The good news was that he wasn't getting worse but at the same time he wasn't getting better, his skin was still a mix of blue and pale, his eyes shut closed, his smile had faded, and his breathing was shallow but I had done all that I could think of in order to save him and only time would decide his fate which so far hasn't been so merciful to us. Tony left me alone with Loki, only at night did he come to watch over Loki so that I could sleep but as I dreamt they were tinted nightmares of Loki, covered in blood, dying in my arms, I could see the cell that was his prison, could hear the gaurds laughing, hear his demons mix with my won as they laughed at my failur. They laughed and laughed and Loki kept dying, kept bleeding the same dream over and over and when I woke I would rush to him, to see that he was still breathing and that the blue tinge to his skin was slowly fading and it relieved me to know that he was still alive and that they were all wrong, that he was still alive and I wouldn't let him die not as long as there was still hope to save him.

"Loki please wake up, I know you want to die but I don't, I need you to live." as I sat next to him I held his limp hand "I don't want you to die, I still have a promise to keep to you, remember I was going to help you, I was going to save you from it all. I was going to prove to you that there was a way to be free of it all but I can't do that if your dead and there's still so much more then you think."

It was pointless I knew that to talk to him he probably couldn't even hear me and yet I felt like I had to say something, I had to keep talking to him to let him know that I was still here, still by his side and there I would stay. I used to hate these feelings because they always led me to hurt those I felt this way, if I ever cared about anyone I ended up smashing them into the ground when we argued or scaring them because of what I was but with Loki it was different. I wanted to feel this way, i wanted to care about him and I wanted to prove that, I wanted to save him, wanted to show him the light and that I would be here every step of the way to guide him. That I wasn't going to leave his side and no matter what I would always be here to protect him no matter what struggles came our way, I would always be here for him.

I had always wanted to be isolated and alone from the world because that way I wouldn't hurt anyone, the reason Loki wanted to be alone from the world was so that no one could hurt him, I didn't want to hurt anyone and he didn't want anyone to hurt him. We were both afraid of the world for two seperate reasons, I was afraid of what i would do to people and he was afraid of the pain they would cause him, was it destined that we would have so much in common and some how find ourselves taking comfort in each other or was it just conincedential that everything that has happened the past few days had come to be? There had to be a reason that all of this has happened or maybe I should just be grateful that it did and not ask questions about it, I had found someone who knew what it was like to struggle this way, found someone who i could trust, someone who needed and wanted me to be there for him and now I was being put to the test to prove that I would never leave him, that I was going to help him in every way possible.

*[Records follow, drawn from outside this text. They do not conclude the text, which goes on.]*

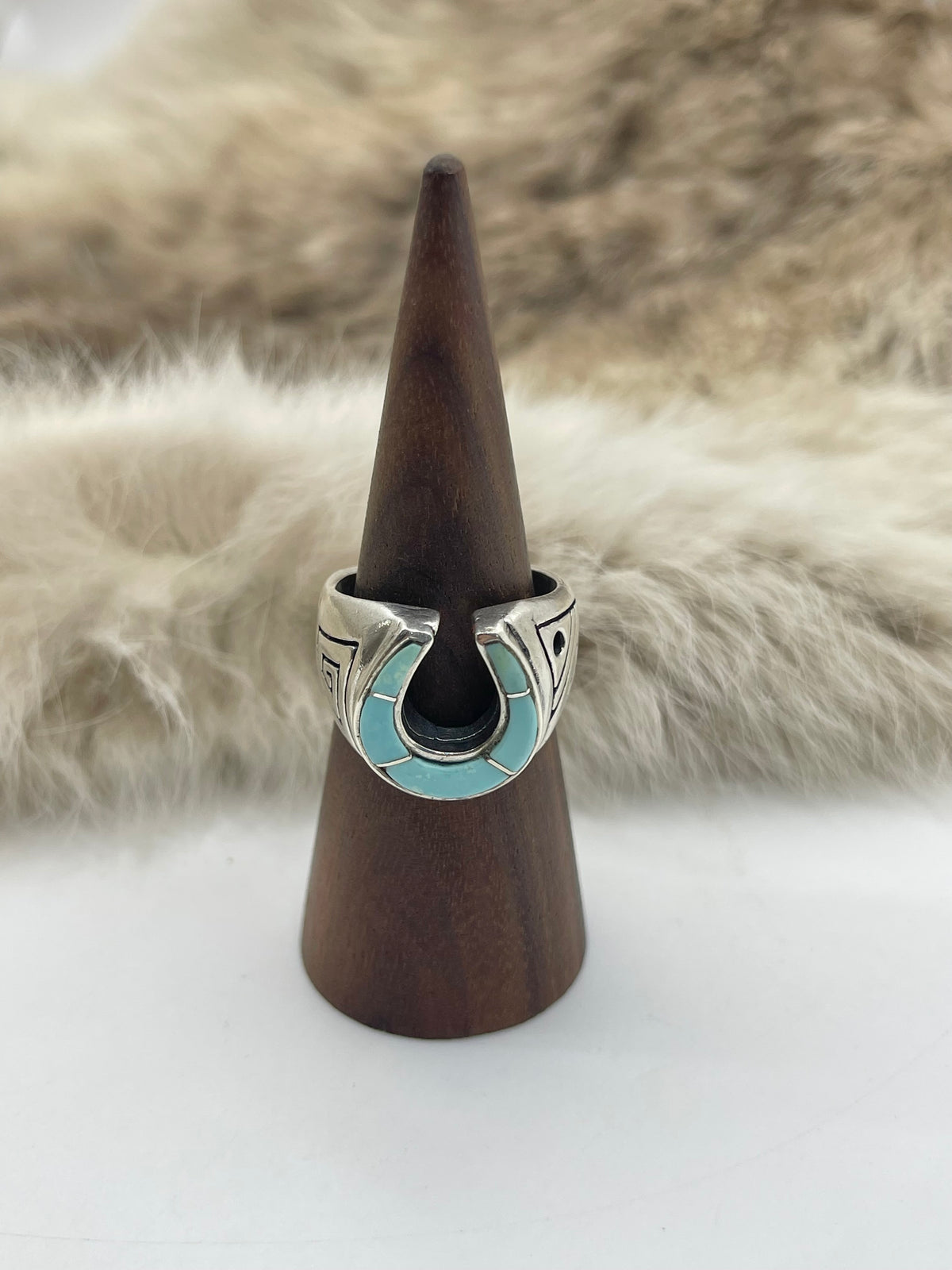 10.0 Turquoise Horse Shoe Ring by Bevis Tsadiasi, Zuni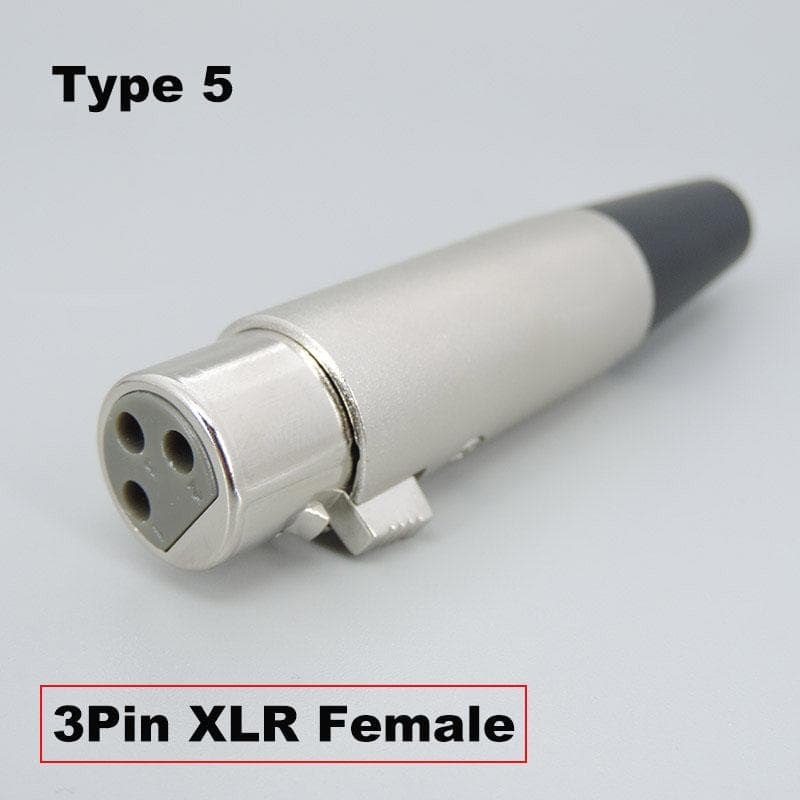 3pin 3 XLR Male female  plastic or metal black silver audio power socket plug connectorensemble Connecteur Type 5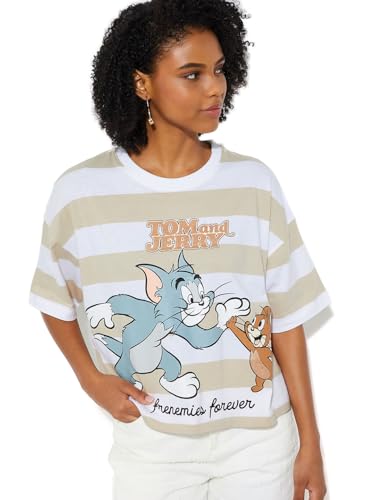 Max URB_N Women Tom & Jerry Boxy Fit T-Shirt (Beige_XS)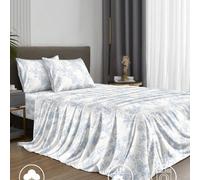 Ensemble de literie 4 pièces avec motif de feuilles et fleurs bleu jardin, comprend 1 drap-housse, 1 drap plat et 2 taies d'oreiller, inserts d'oreiller non inclus. Ensemble de drap-housse, convient a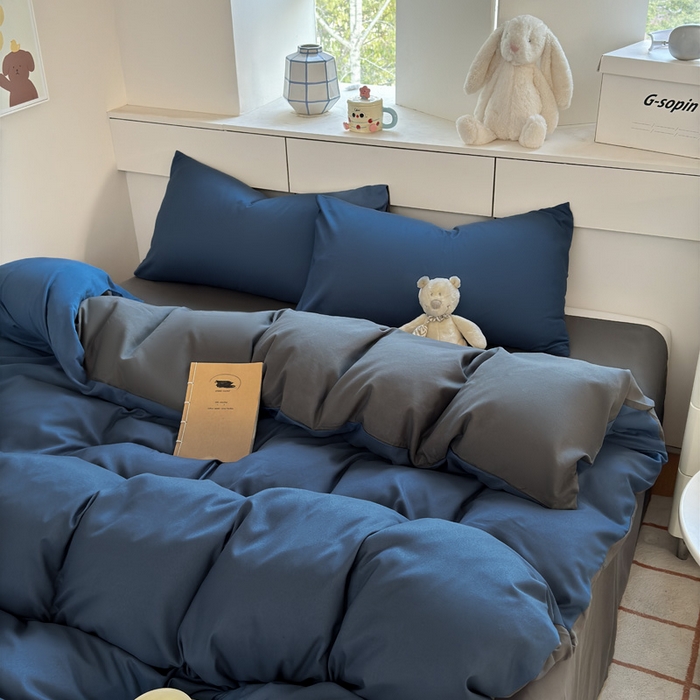 91家纺网 家纺一手货源 找家纺 可可家纺 2025新款ins风纯色磨毛简约水洗棉四件套亲肤床单被套三件套 诱惑蓝灰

In time maybe we could work together to show the world that we're different then the monsters they see us as but more as people who just want to make a difference. In time maybe even Odin and Thor can see that loki isn't a monster and that he has changed, that he's good and that he didn't deserve the punishment that he was given. But what if he was welcomed back after proving them all wrong, would he still go back? Would I possibly lose him again? That was a possibility but what if he refused their offer? Would he then stay here with me hopefully?